1.) Is it true that this operator cannot have a residual spectrum due to its self-adjointness.

2.) Where is the difference between continuous spectrum and a classical solution?

Probably, I need to specify question (ii). The classical theory of ODEs tells me that for any eigenvalue $\lambda $ I will find two independet solutions that solve $D f = \lambda f$. The thing is of course, that these two solutions do not satisfy the boundary conditions of the operator.

But what happens when I have a continuous spectrum? Will I find eigenvalues ( I heard that one gets a whole interval of eigenvalues, is this true?) ? Will I get solutions to my eigenvalue that satisfy the boundary conditions? I think I still did not understand what I get in the case of a continuous spectrum.

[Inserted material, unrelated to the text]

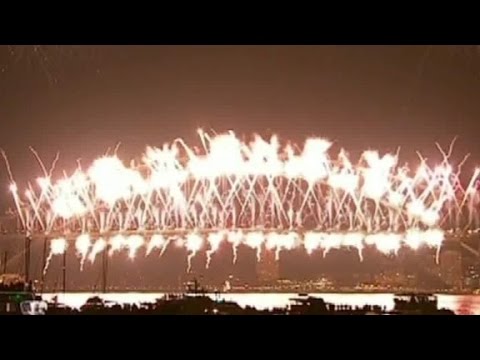 cities around the world celebrate 2017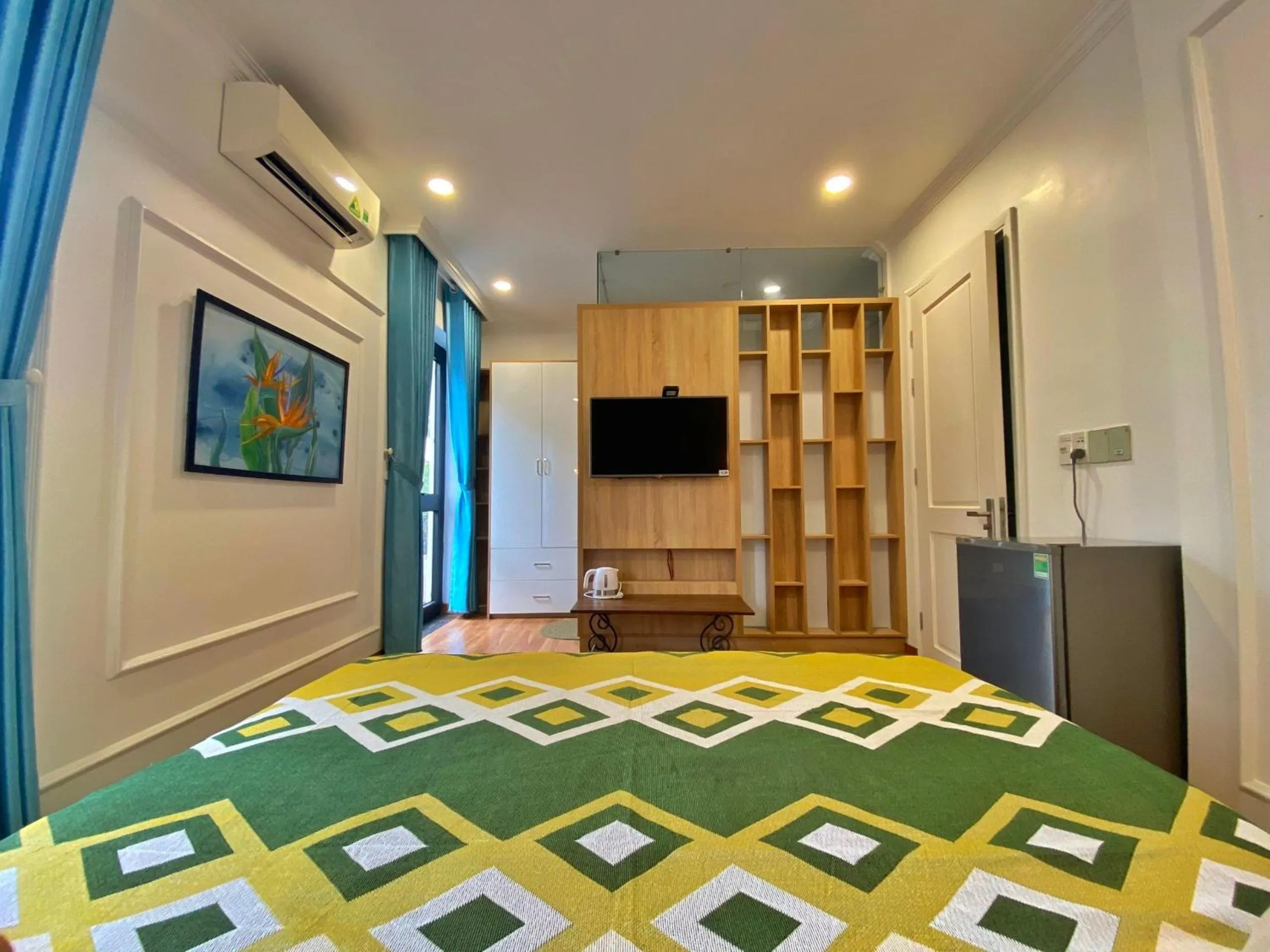 Bed in Hue Crown Boutique best hotel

Unfortunately, I am not a mathematician, so I am not so good at teaching this to myself from books in funtional analysis, so I would very much appreciate any assistance.

Answer 1

The classical operator $$ L = -\frac{d^{2}}{dx^{2}}+V,\;\;\; a \le x \le b, $$ is different if $V$ is very singular. If $V \in L^{1}[a,b]$, then things are nice because there are 2 linearly-independet classical solutions of $Lf = \lambda f$ for every $\lambda$. That is, such solutions are continuous on $[a,b]$, their first derivatives are continuous on $[a,b]$, and their first derivatives are absolutely continuous with $-f''+Vf=\lambda f$. In that case, everything is nice. Whether you impose separated endpoint conditions $$ Af(a)+Bf'(a) =0, \;\;\; Cf(b)+Df'(b)=0, $$ or periodic conditions $$ f(a)=f(b),\;\;\; f'(a)=f'(b), $$ there is a discrete set of eigenvalues $\lambda_{1} < \lambda_{2} < \lambda_{3} < \cdots$ for which eigenfunctions exist satisfying these conditions, and there is a complete orthonormal system of eigenfunctions in $L^{2}[a,b]$. The eigenfunction expansions have the same pointwise convergence properties as the trigonometric series where $V=0$.

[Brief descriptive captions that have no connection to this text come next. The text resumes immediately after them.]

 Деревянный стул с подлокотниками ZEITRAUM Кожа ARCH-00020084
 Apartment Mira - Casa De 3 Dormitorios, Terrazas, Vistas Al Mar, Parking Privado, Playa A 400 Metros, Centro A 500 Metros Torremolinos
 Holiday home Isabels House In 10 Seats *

If $V$ is not integrable on $[a,b]$, then things change, and the situation is different on the half-line, too. The typical way to deal with a strong singularity of $V$ is to put the singularity at $b$, and to assume that $V$ is integrable on $[a,b-\epsilon)$ for all $\epsilon > 0$. If the potential is well-behaved in the finite plane, but unbounded at $\infty$, then you might consider the problem on $[a,b=\infty)$, for example.

The interesting part of the analysis in the singular case of $[a,b)$ is that there always exists one classical eigenfunction for eigenvalue $\lambda \notin\mathbb{R}$ that is in $L^{2}$ near the singular endpoint. But it can still happen that both eigenfunctions for $\lambda\notin\mathbb{R}$ are in $L^{2}[a,b)$. (These are classified as limit point or limit circle cases, and have to with how these theorems were originally proved by Weyl ~1905 using purely classical methods.) In the limit point case, one need only impose a single classical condition at $a$, and assume that all functions in the domain of the operator are in $L^{2}[a,b)$ in order to obtain a selfadjoint operator. In the limit circle case where both classical eigenfunctions for $\lambda \notin\mathbb{R}$ are in $L^{2}[a,b)$, then an additional condition must be imposed near $b$; such a condition often has to do with asymptotic behavior of functions near $b$, and is rarely obvious. In any event, after imposing the required conditions, the operator with domain of functions satisfying these conditions becomes selfadjoint.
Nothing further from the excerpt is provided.